Theodore Roosevelt, for better or worse, embodied the early American Dream: he was a self-made man; a gun-slinging cowboy; a big-game hunter; a statesman largely untainted with corruption. He was what all Americans secretly strived to be, and he did it all with flair and relish. It comes as no surprise, then, that when this idealized character comes into contact with the civilized realities he must compromise his policies and values.
Roosevelt's youth and early adulthood are part of the American myth: he was a scrawny uncertain boy, son of an imposing banker whom he loved dearly. It was in an effort to please this father, and to prove himself to the world, that Roosevelt first embarked on his obsession with manliness: he took up boxing, big game hunting, and brawling. This pugilist spirit poured over into his politics as well: he was as jingoistic as any, and always willing to be the first to enter any war for whatever cause. After becoming governor of New York, he happily used State troopers and the militia to put down strikes when he deemed it expedient. Yet he also gained sympathy for the laborer in this position, fighting for industrial safety and better working hours for women and children.

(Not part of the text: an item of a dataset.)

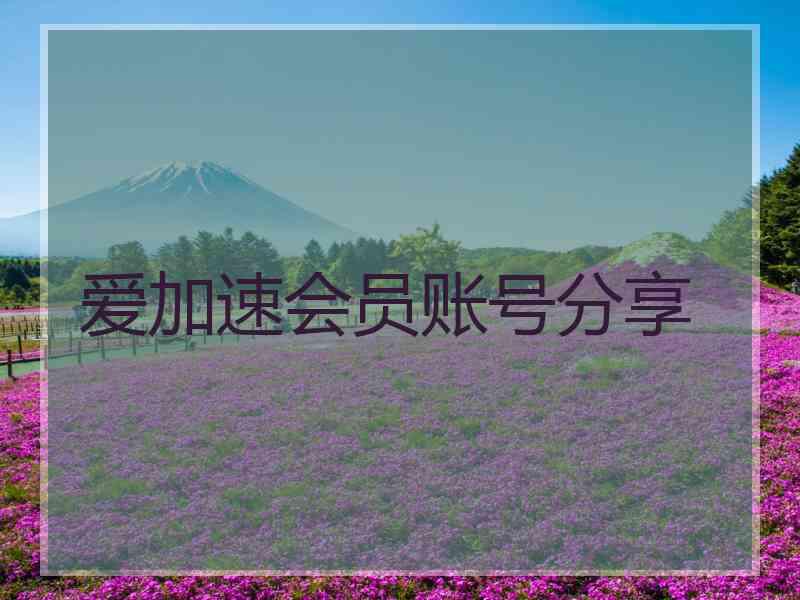 爱加速会员账号分享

Early on in his presidential career, however, Roosevelt was indeed 'most conservative': he relied on the big corporations for much of his political power and the great business minds of the day for advice. The 'course' to which he was committed was generally conservative as well: to stop the worst excesses of monopolies and to protect 'the big propertied men' 'from the dreadful punishment their own folly would have brought upon them'. Regulation, not corporate dissolution, was his policy. Social betterment wasn't exactly high on his priorities, and he didn't see himself as a crusader for moral right: 'I have let up in every anti-trust case where I have had any possible excuse for doing so.'
However, at heart Roosevelt was a fighter, and he soon relished the spotlight that moral crusades gave him, believing he fought 'the fundamental fight for morality'. His 'conservative progressivism' is possibly best evinced through the Northern Securities Case. The railroad conglomerate had grown out of control and was a sore in the public eye. However, to the movers and shakers such as J. P. Morgan, it was a minor, acceptable loss - as long as trust-busting didn't become an everyday affair (Roosevelt made sure it didn't). By attacking the visible offenders and leaving the more entrenched private interests alone, Roosevelt won support on all sides, alienating a few but gaining more.

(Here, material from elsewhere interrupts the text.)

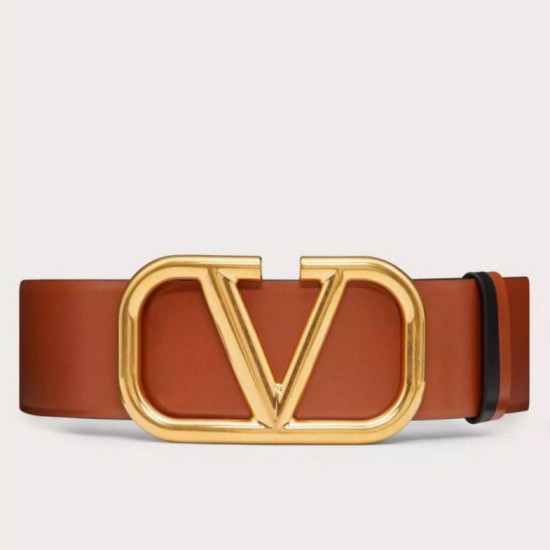 replica Valentino VLogo Cintura reversibile 70mm vitello marrone e nera qualità specchio Replica Perfette Valentino VLogo Cintura reversibile 70mm vitello marrone e nera imitazioni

Northern Securities isn't the only example of Roosevelt's showy, yet relatively ineffectual, moral crusades. The United Mine Worker"s strike also brought Teddy favorably into the public eye: the egotistical management was an easy, politically correct target. Roosevelt held conferences and worked out a 'square deal' for all involved—in theory. In actuality, the UMW still didn't have official recognition as a union and the mining company more than made up for the higher wages in higher coal prices. Roosevelt's great victories, in the end, were mostly talk rather than results, but it was talk that rallied the public behind him.

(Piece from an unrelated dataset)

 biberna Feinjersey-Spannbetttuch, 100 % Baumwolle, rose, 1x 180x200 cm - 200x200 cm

Despite the less-than-spectacular results of his efforts, Roosevelt still saw himself as a reformer, a fighter for the 'honest man', a moral hero. From the beginning he felt pitted against the 'criminal rich', and later he saw himself allied with labor, 'the superior of capital'. Many, if not most, of the cases that Roosevelt prosecuted were done with the public's interest in mind, rather than cynical self-glorification and personal gain as his end motive. To himself, and the majority of the population, Roosevelt was the American Dream: fervently patriotic, unswervingly steadfast, scrupulous till the end.